Source data
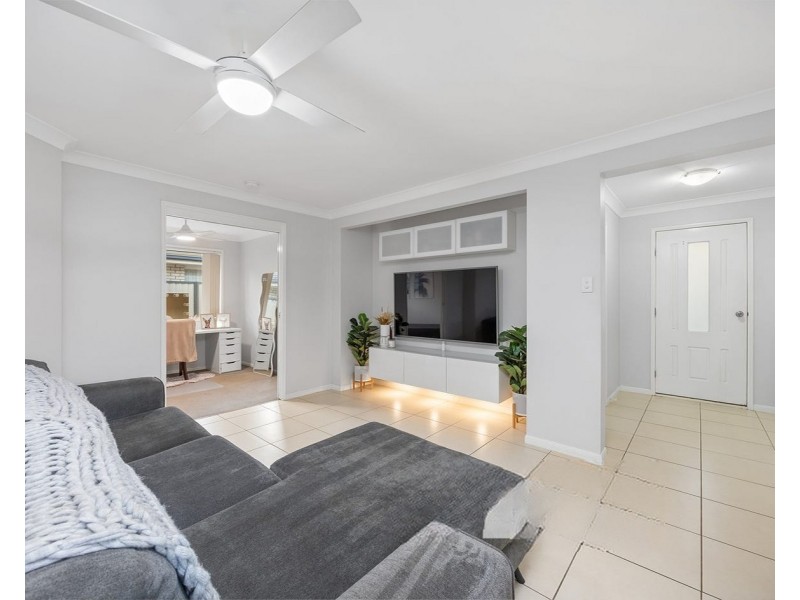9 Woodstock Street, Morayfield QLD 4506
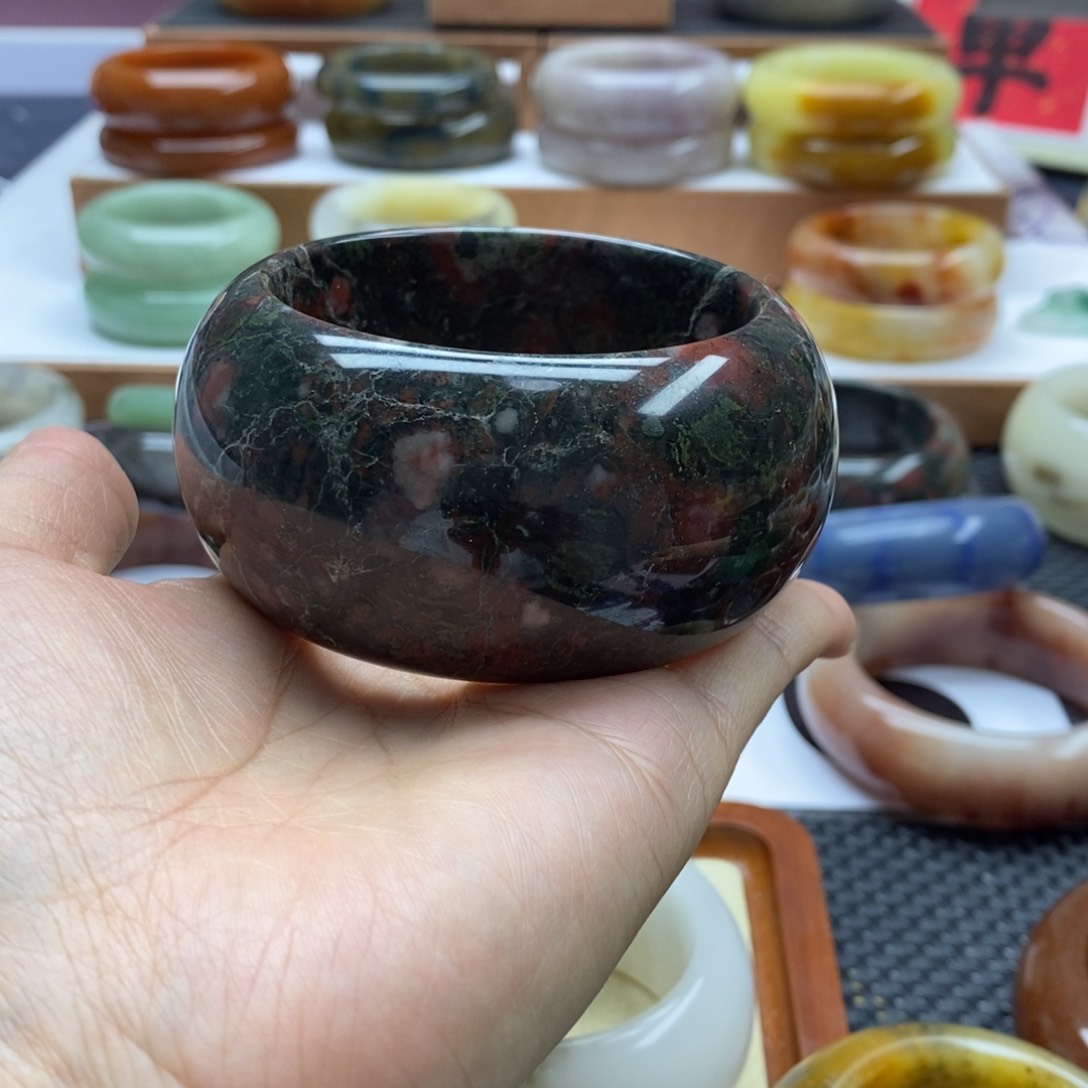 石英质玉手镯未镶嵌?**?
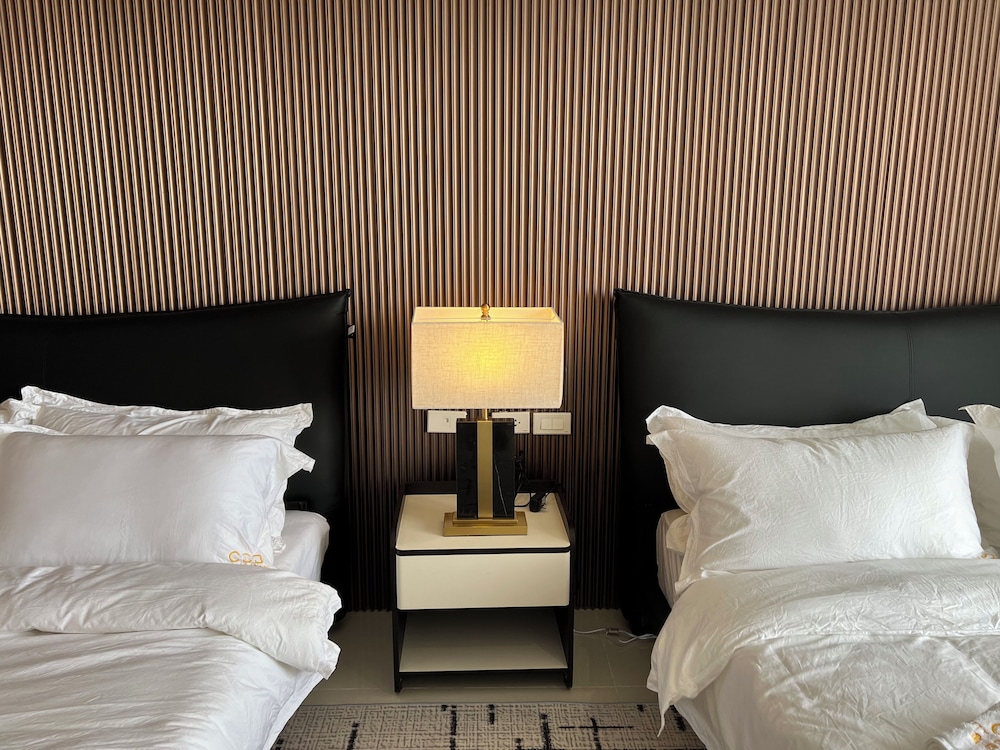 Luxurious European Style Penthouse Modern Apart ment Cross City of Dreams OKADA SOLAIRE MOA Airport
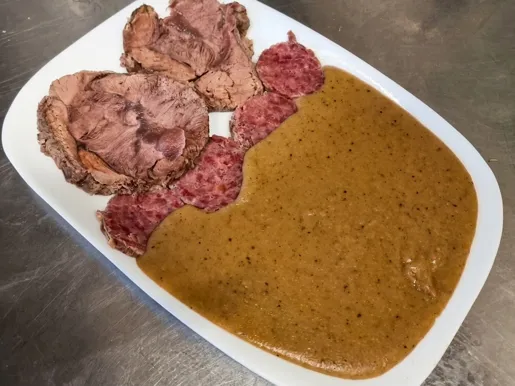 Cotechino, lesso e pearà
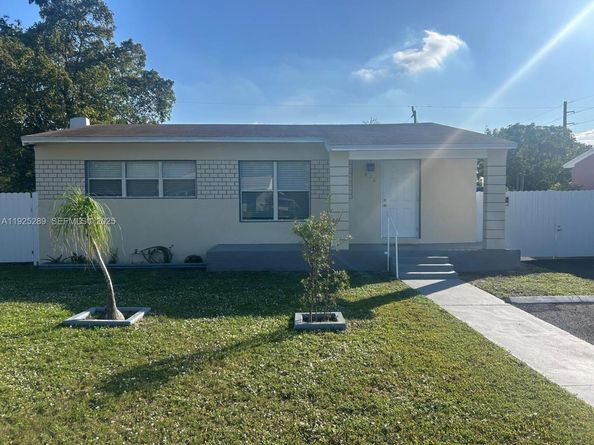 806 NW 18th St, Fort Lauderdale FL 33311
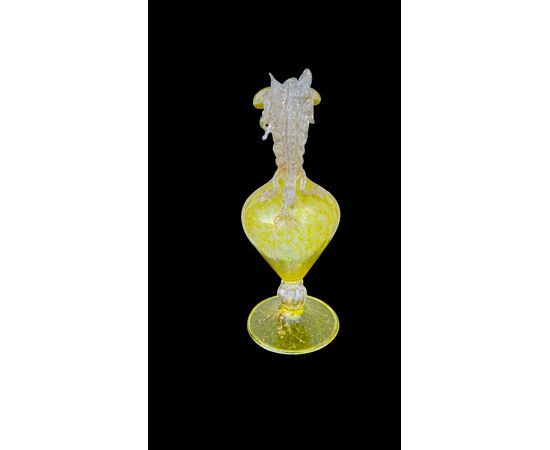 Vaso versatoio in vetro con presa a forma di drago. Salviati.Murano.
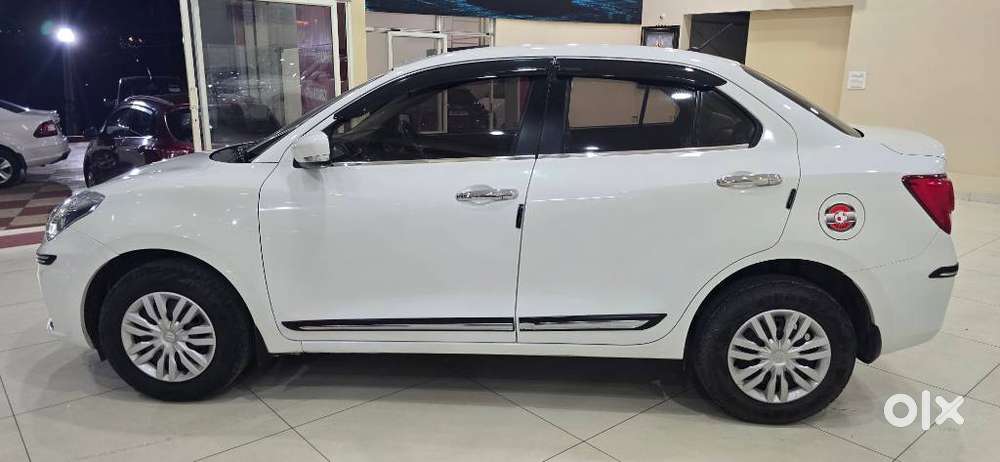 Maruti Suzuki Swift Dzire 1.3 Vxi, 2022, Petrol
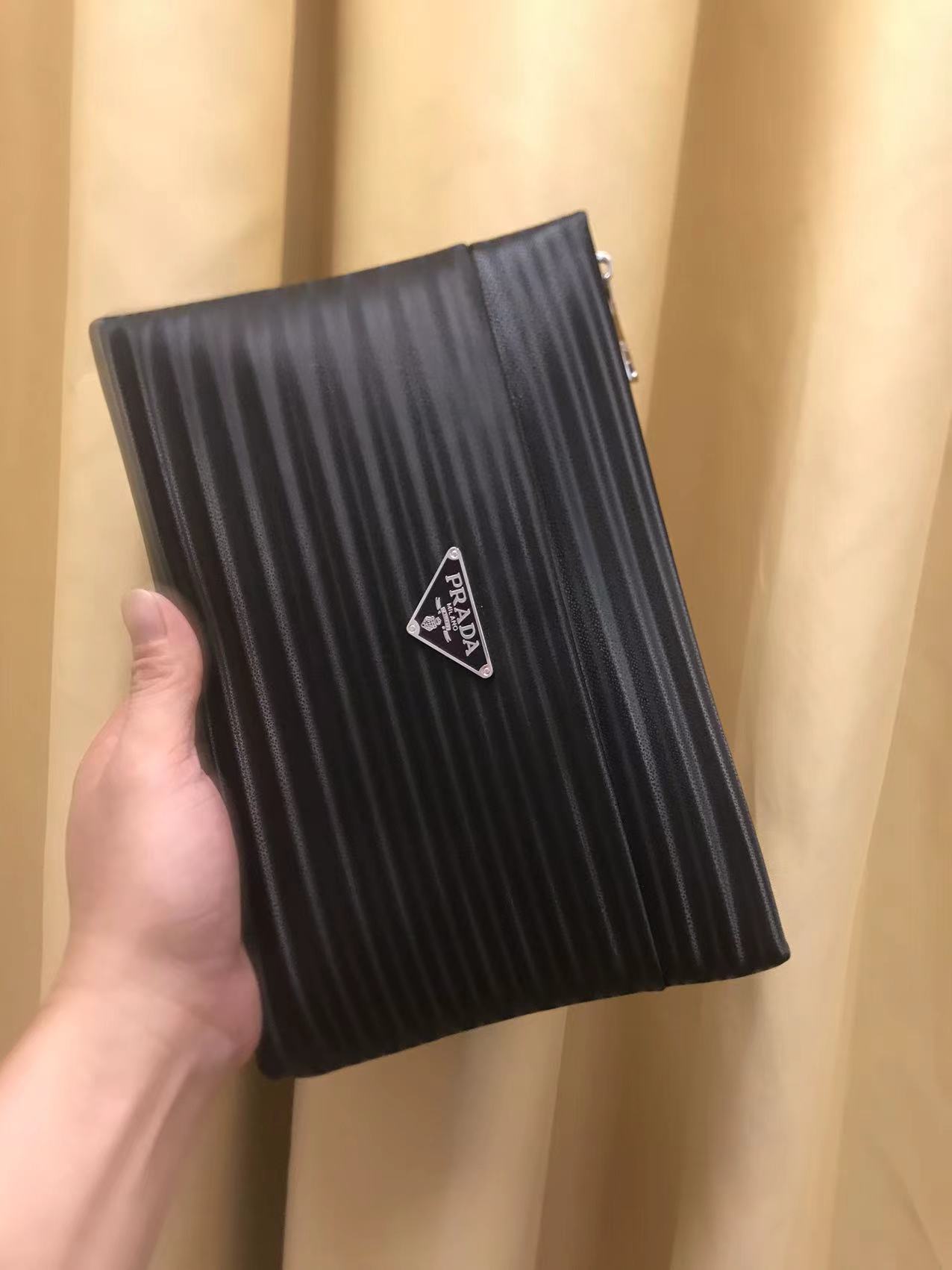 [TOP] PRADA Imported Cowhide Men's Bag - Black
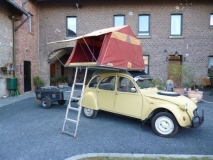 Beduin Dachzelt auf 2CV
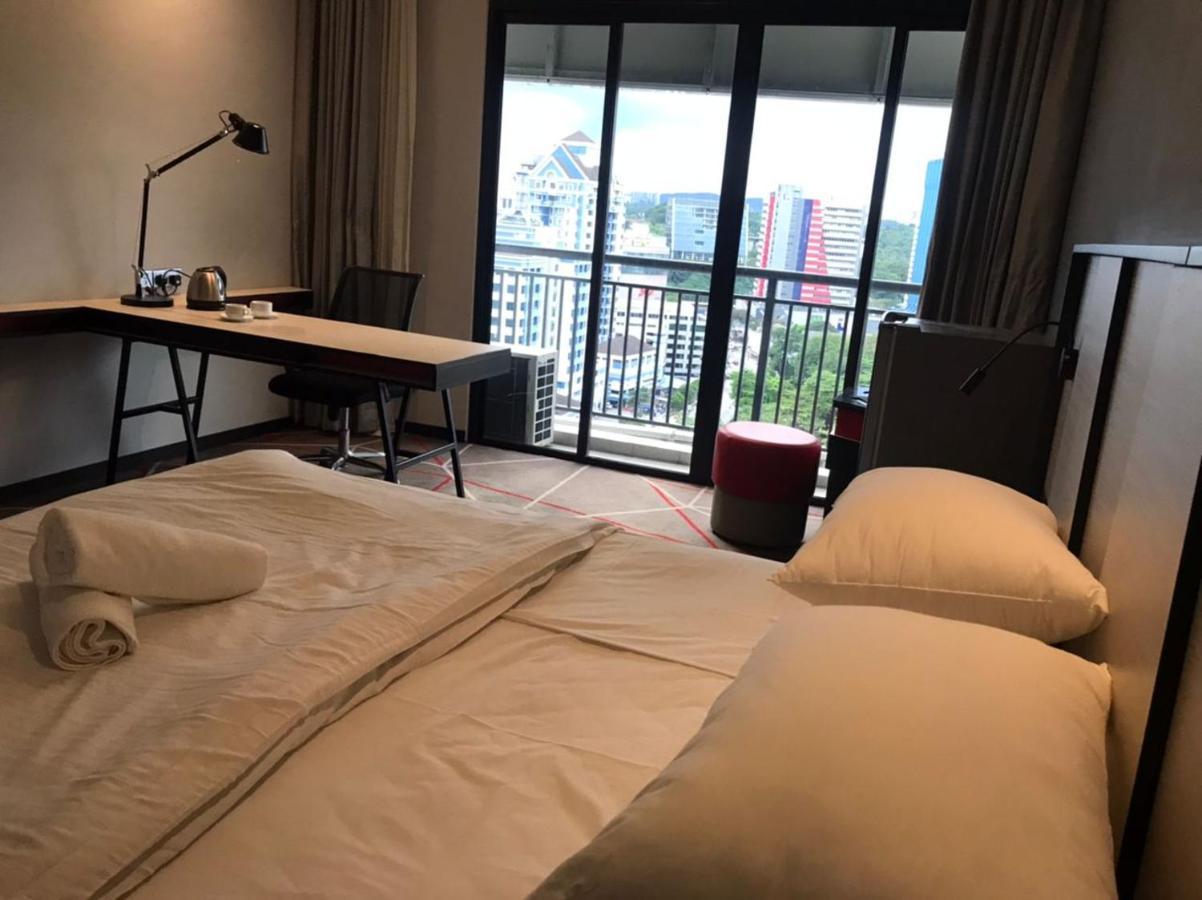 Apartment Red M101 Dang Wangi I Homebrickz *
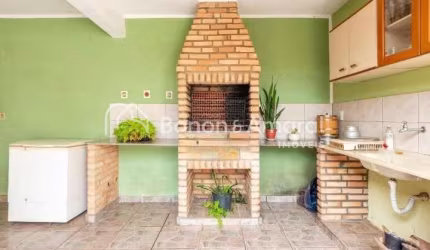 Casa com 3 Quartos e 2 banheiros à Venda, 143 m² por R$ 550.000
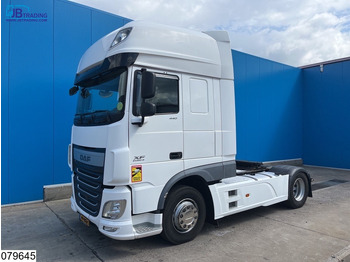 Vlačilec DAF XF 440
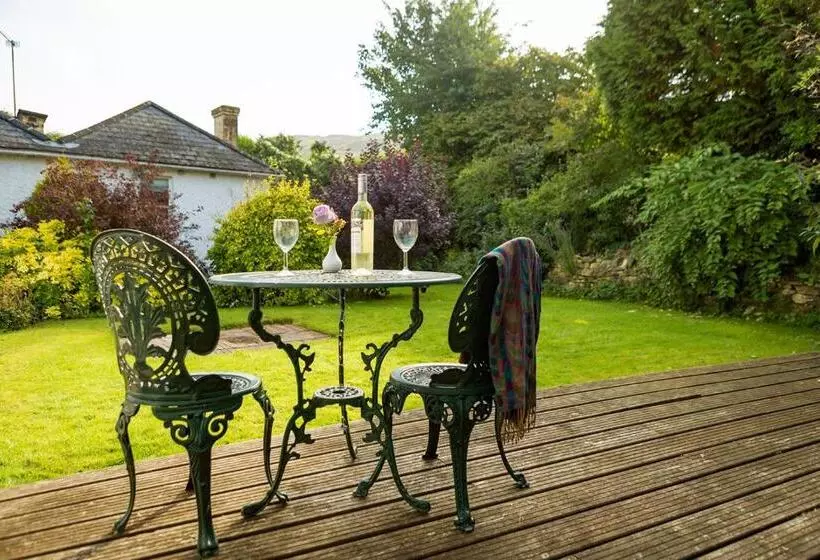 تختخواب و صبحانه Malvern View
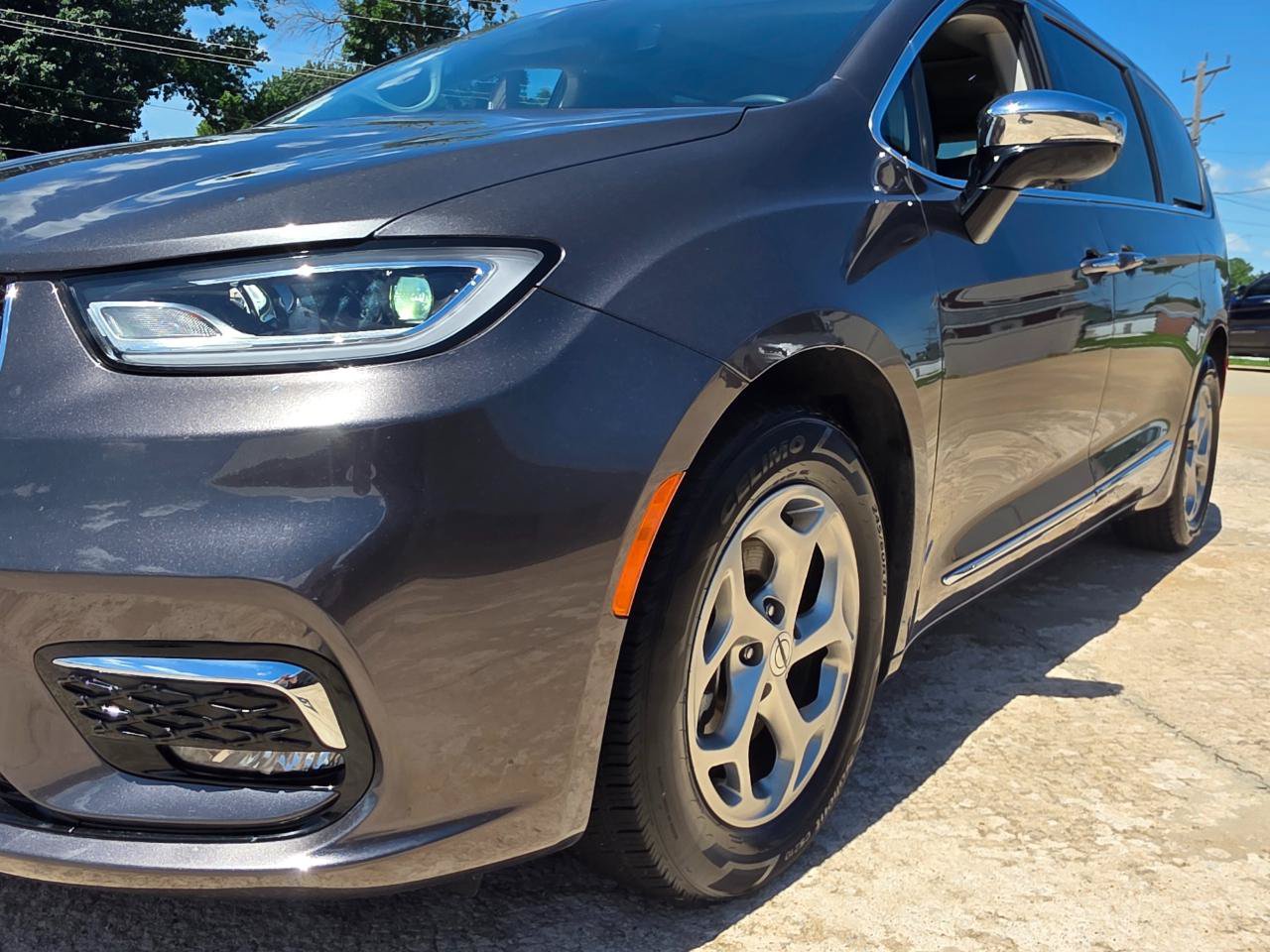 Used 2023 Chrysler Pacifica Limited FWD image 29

Required work
Give every entry again as it is, dropping its pictures.

Task solution
9 Woodstock Street, Morayfield QLD 4506
 石英质玉手镯未镶嵌?**?
 Luxurious European Style Penthouse Modern Apart ment Cross City of Dreams OKADA SOLAIRE MOA Airport
 Cotechino, lesso e pearà
 806 NW 18th St, Fort Lauderdale FL 33311
 Vaso versatoio in vetro con presa a forma di drago. Salviati.Murano.
 Maruti Suzuki Swift Dzire 1.3 Vxi, 2022, Petrol
 [TOP] PRADA Imported Cowhide Men's Bag - Black
 Beduin Dachzelt auf 2CV
 Apartment Red M101 Dang Wangi I Homebrickz *
 Casa com 3 Quartos e 2 banheiros à Venda, 143 m² por R$ 550.000
 Vlačilec DAF XF 440
 تختخواب و صبحانه Malvern View
 Used 2023 Chrysler Pacifica Limited FWD image 29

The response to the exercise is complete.